• EXERCISE OBJECTIVE: After finding the line that holds "25 yo man treated" below, set down that line and the rest through the final one exactly, leaving the pictures out.

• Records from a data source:
+++

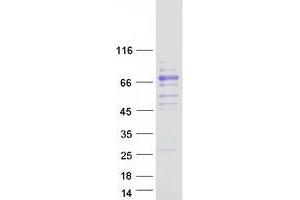 Validation with Western Blot (Coagulation Factor X Protein (F10) (Myc-DYKDDDDK Tag))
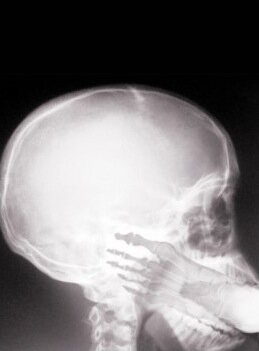 http://www.race-talk.org/wp-content/uploads/2010/01/foot_in_mouth_xray.jpg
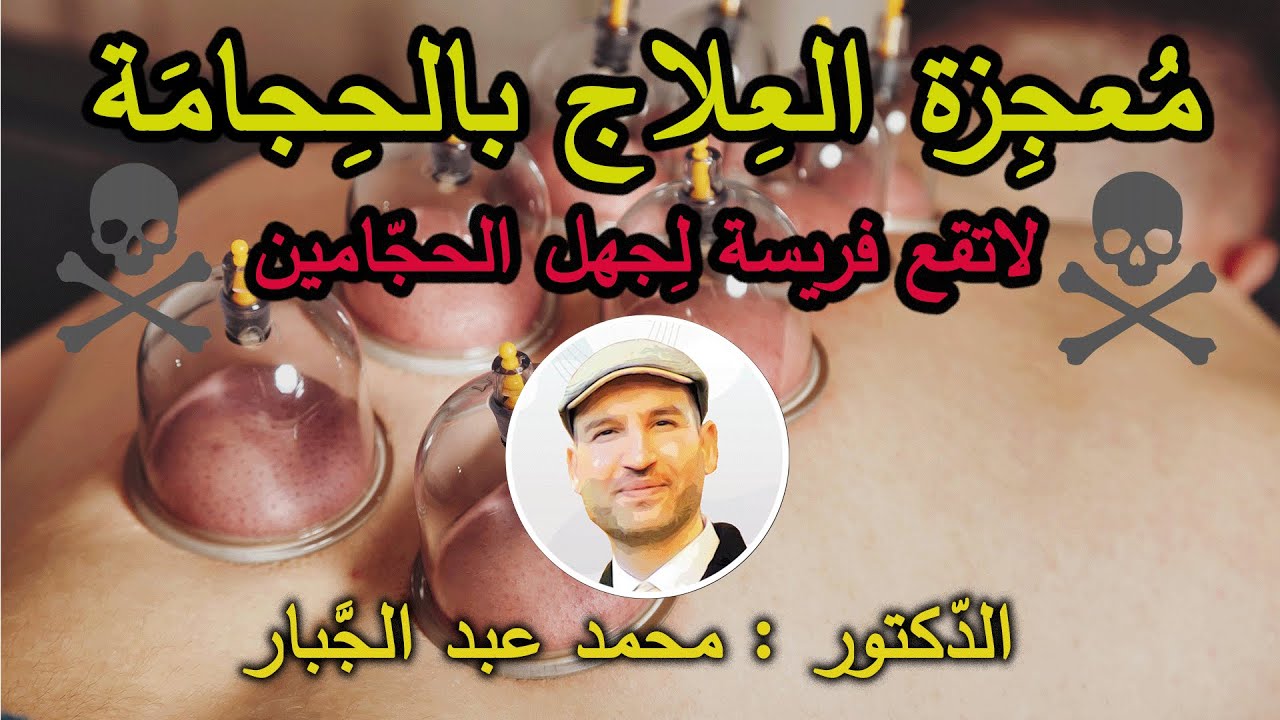 فوائد الحجامة الطبية والعلاجية التي لا يعلمها الأطباء ولا الحجامون ( الجزء الأول )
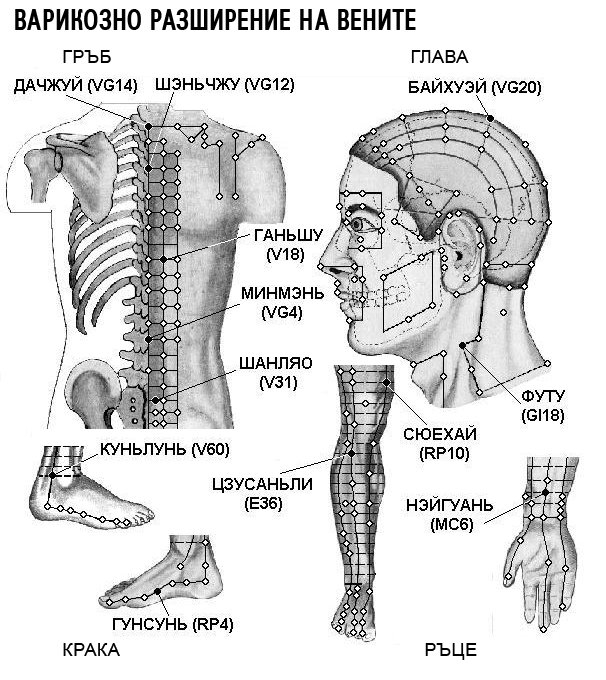ВАРИКОЗНО РАЗШИРЕНИЕ НА ВЕНИТЕ | ЕЛЕКТРОПУНКТУРА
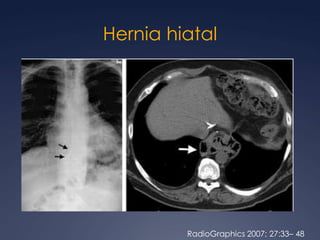 Lipoma mediastinalRadioGraphics 2002; 22:S61–S78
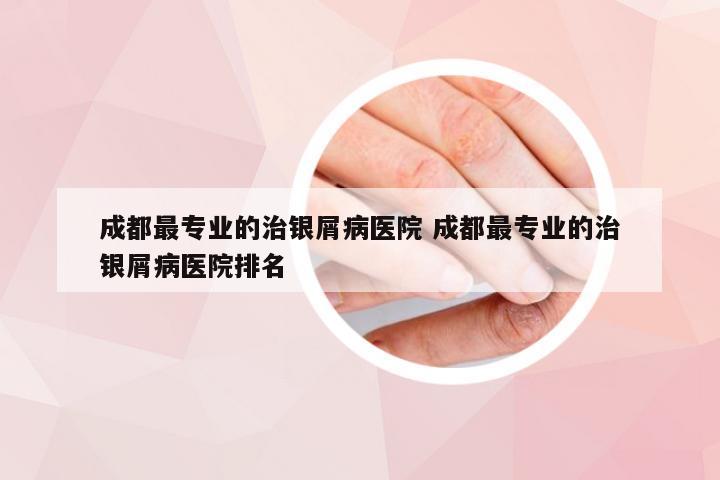 成都最专业的治银屑病医院 成都最专业的治银屑病医院排名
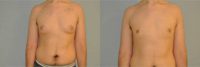 25 yo man treated with scarless breast reduction using only liposuction (No periareolar scar)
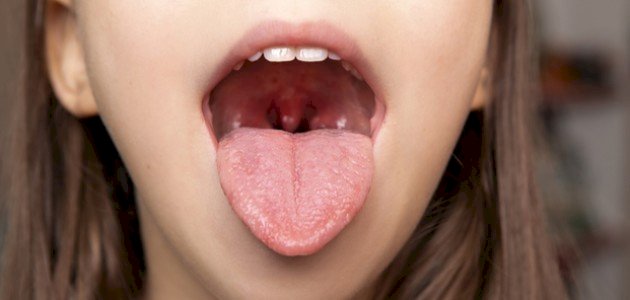 فوائد اللوزتين: خط دفاع في جهازك المناعي!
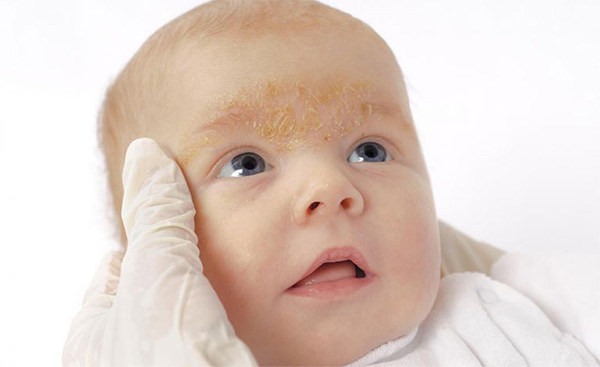 Có nên dùng kem dưỡng ẩm cho trẻ sơ sinh hay không ?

+++

• ANSWER FOR THE TASK:
 25 yo man treated with scarless breast reduction using only liposuction (No periareolar scar)
 فوائد اللوزتين: خط دفاع في جهازك المناعي!
 Có nên dùng kem dưỡng ẩm cho trẻ sơ sinh hay không ?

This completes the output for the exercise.